SECRET GARDENS

Saturday October 3 | 7:30 pm | CGAI | Get your free ticket here

A cross-generational collection of secret gardens of light, that is, the core subject of this year’s edition screened in a movie theatre.

PLANTAS TREPADORAS | Julieta Averbuj, 2013, 35mm, 2 min.

Found plants that climb both as an ascending stem and as 16mm reel, twisting and jumping on a piece of 35mm film.

TRANSCRIPT | Erica Sheu, 2019, 35mm (transferido dixital) 3 min.

A delicate film inspired by Terama’s Shadow Film: A Woman with Two Heads (1977) that reflects the intimate and family worlds of its author. The Gypsophila of memory materialized in shadows, written characters, and cyanotypes.

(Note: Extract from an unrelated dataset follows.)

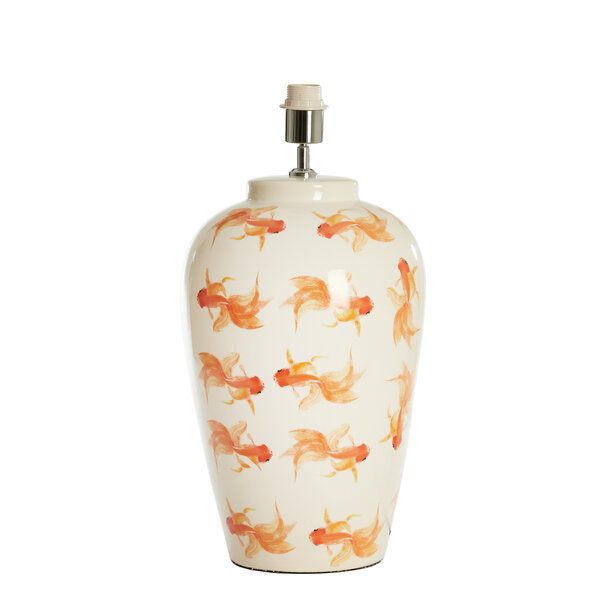 Light en Living Lampvoet Ø28X52 Cm Fish keramiek wit+oranje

BAUMSCHATTEN A L’OMBRE D’UN ARBRE | Milena Gierke, 1996, super 8 (digital transfer film), 2 min.

The shadows of beautifully serene trees act as a prelude for a succession of interwoven
images of their green leaves and the blue sky.

BOUQUETS 26-27 | Rose Lowder, 2003, 16mm, 3 min.

Two episodes of Lowder’s legendary bouquets: filmed floral arrangements in pieces no longer than a minute, thoroughly composed by the author in her restless visual explorations.

GARDEN PIECES | Margaret Tait, 1998, 16mm, 12 min.

The last piece ever made by Margaret Tait, a filmmaker and poet from the Orkney Islands. A film that explores a garden in three acts –two of them filmed; the other painted over the film.

AMARYLLIS – A STUDY | Jayne Parker, 2020, 16mm (transferido dixital), 7 min.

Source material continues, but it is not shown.